Courses / Undergraduate

Fall 2022

  • The Craft of Writing – Film Focus – Gooey, Liquid, Incomputable: Writing About New Media Art and Material Histories of Tech

    R1A 001 | CCN: 21376

    Lou Silhol Macher

    Location: Dwinelle 263

    Date and Time: TU, TH 9:30am - 10:59am

    4 Units

    We all use so-called “new media” in our everyday lives: from computer software to AI-powered apps, these platforms and technologies are the result of the digital turn. New media are difficult to define however, perhaps primarily because something only remains “new” for so long. Mostly, new media are often characterized by their supposed immateriality: software and algorithms seem to work behind or underneath the hardware, so much so that we forget that they too have a materiality, and a history. For instance, the clouds on which we upload our files have in fact very little in common with the ether if we consider the immense energy expenses required by the very concrete buildings storing and cooling the machines that make the clouds all but virtual.
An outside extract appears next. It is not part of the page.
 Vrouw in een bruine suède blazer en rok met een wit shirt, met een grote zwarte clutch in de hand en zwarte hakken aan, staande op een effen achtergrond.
The marketing algorithms that analyze user reactions on social media in the form of emojis, likes, or simple text have a history that predates what we call “new media,” one rooted in the racial history of the US and the use of sentiment analysis in Japanese internment camps during World War II. These issues are brought into tension by new media artists such as Hito Steyerl (Liquidity Inc., 2014), American Artist (Black Gooey Universe, 2018), and Elisa Giardina Papa (Cleaning Emotional Data, 2020) whose works give shape to this apparent “immateriality,” and make these longer, invisible histories visible. How do we, as viewers of the art, write about these visual artworks and articulate for ourselves and others the theoretical points they make? How can we learn to read images, videos, and art installations to continue the conversation on paper, on our screens, in our writing? We will investigate these questions and more as we put your writing at the center of this class.